Forme générale de la société

§ 2060. LES ÉLÉMENTS. La forme de la société est déterminée par tous les éléments qui agissent sur elle ; et ensuite, elle réagit sur les éléments. Par conséquent, on peut dire qu'il se produit une détermination mutuelle. Parmi les éléments, nous pouvons distinguer les catégories suivantes : 1° le sol, le climat, la flore, la faune, les circonstances géologiques, minéralogiques, etc.; 2° d'autres éléments extérieurs à une société donnée, en un temps donné ; autrement dit, les actions des autres sociétés sur celle-ci, actions qui sont extérieures dans l'espace, et les conséquences de l'état antérieur de cette société, conséquences qui sont extérieures dans le temps ; 3° des éléments intérieurs, dont les principaux sont la race, les résidus ou les sentiments qu'ils manifestent, les tendances, les intérêts, l'aptitude au raisonnement, à l'observation, l'état des connaissances, etc. Les dérivations aussi figurent parmi ces éléments.

§ 2061. Les éléments que nous avons mentionnés ne sont pas indépendants ; la plupart sont mutuellement dépendants. En outre, parmi les éléments, il faut ranger les forces qui s'opposent à la dissolution, à la destruction des sociétés durables. C'est pourquoi, lorsqu'une de celles-ci est constituée sous une certaine forme déterminée par les autres éléments, elle agit à son tour sur ces éléments.

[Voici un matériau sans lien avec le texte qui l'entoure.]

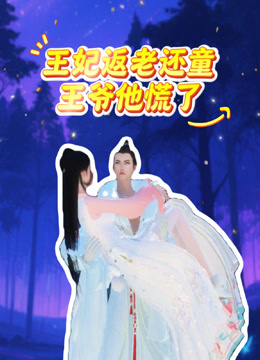 王妃返老还童王爷他慌了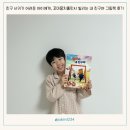 친구야 | 친구 사귀기 어려운 아이에게, 빌리는 내 친구야 그림책 후기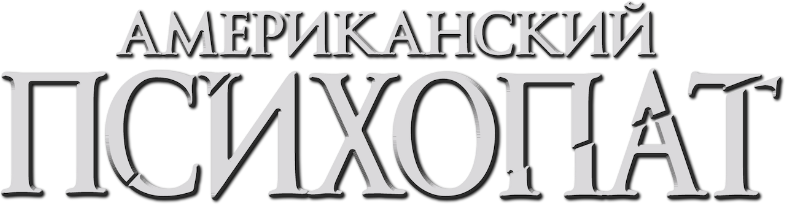 Американский психопат logo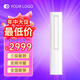 揚子智能空調柜機 大2匹 大3匹 新一級 變頻冷暖 客廳立柜式空調 獨立除濕 玉美人 以舊換新 大3匹 三級能效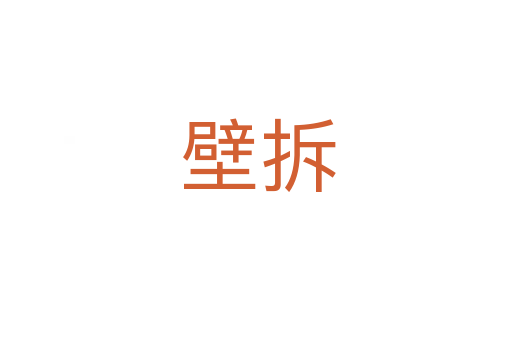 壁拆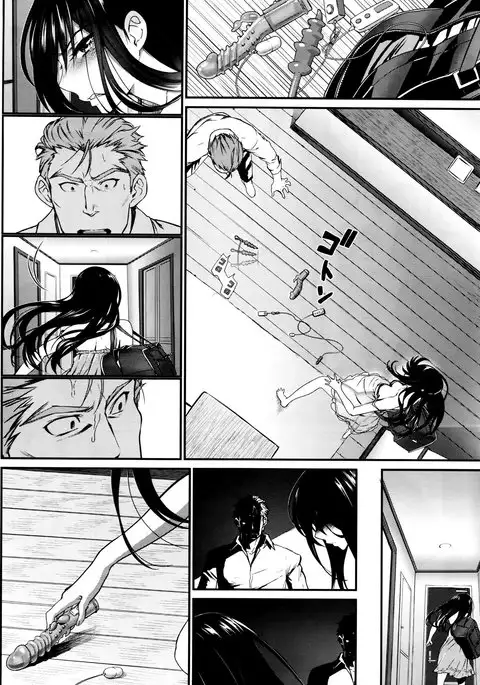 Watashi no Suki na Oji-san x Ore no Suki na Iede Shoujo Ch. 1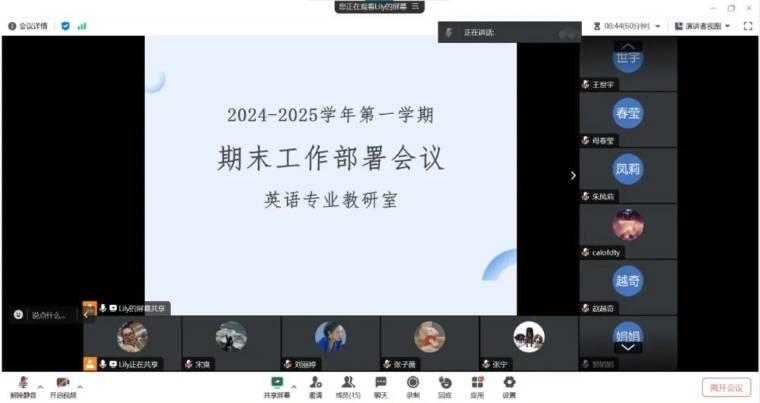 ���l(xi��ng)���̌W(xu��)Ժ����Z�W(xu��)ԺӢ�Z���I(y��)���������_������ĩ����������h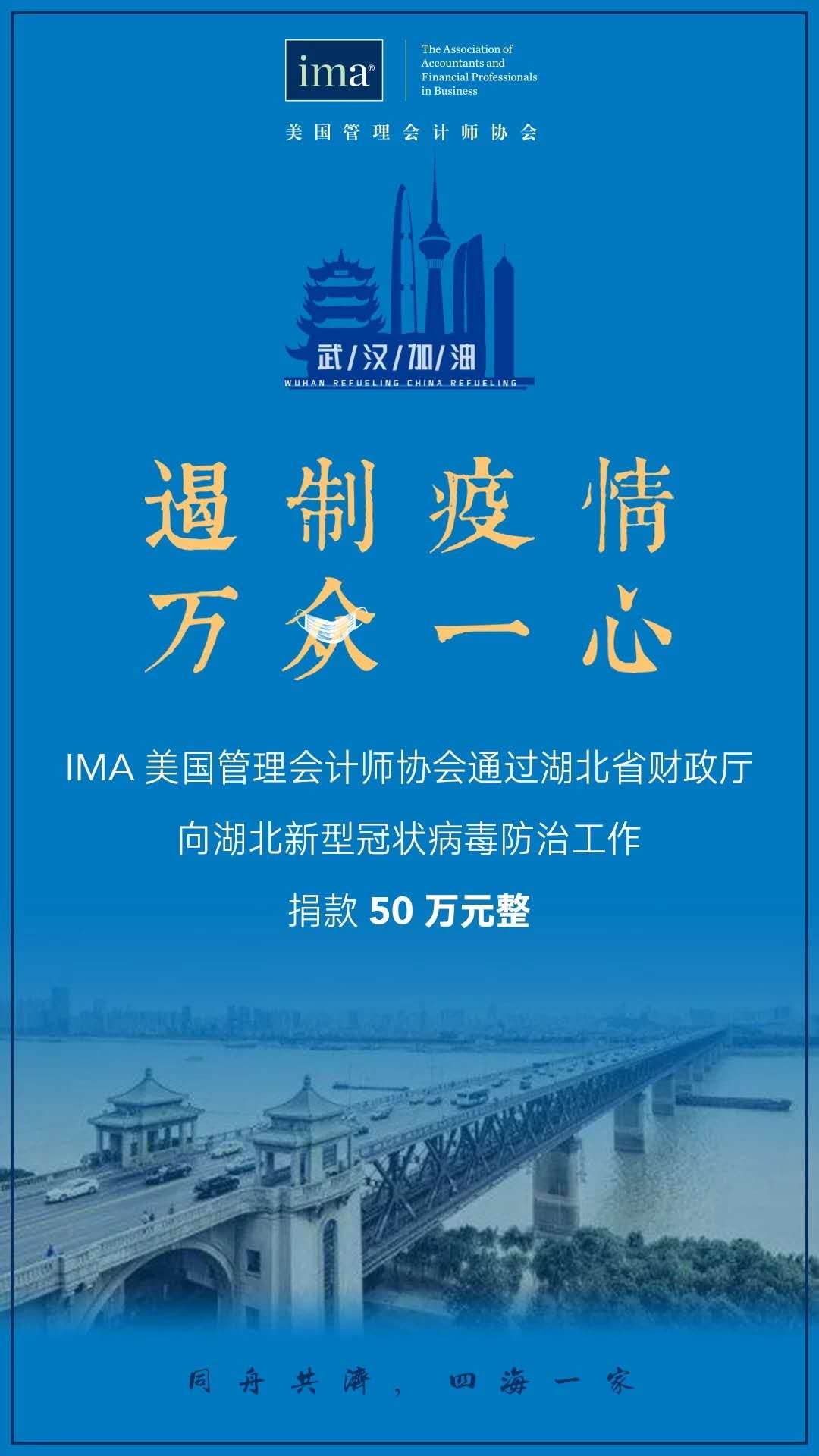 IMA協(xié)會向武漢伸出援手！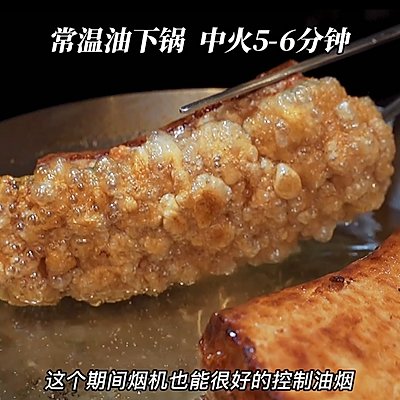 脆皮五花肉烤对了吗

Ceux-ci, en ce sens, doivent aussi être considérés comme étant en état de mutuelle dépendance avec la société dont nous parlons. On observe quelque chose de semblable pour les organismes des animaux. Par exemple, la forme des organes détermine le genre de vie ; mais celui-ci, à son tour, agit sur les organes (§ 2088 et sv.).

§ 2062. Pour déterminer entièrement la forme sociale, il serait nécessaire d'abord de connaître tous ces innombrables éléments, ensuite de savoir comment ils agissent, et cela sous forme quantitative. En d'autres termes, il serait nécessaire d'affecter d'indices les éléments et leurs effets, et d'en connaître la dépendance, enfin, d'établir toutes les conditions qui déterminent la forme de la société. Grâce à l'emploi des quantités, on exprimerait ces conditions par des équations. Celles-ci devraient se trouver en nombre égal à celui des inconnues, et les détermineraient entièrement [FN: § 2062-1].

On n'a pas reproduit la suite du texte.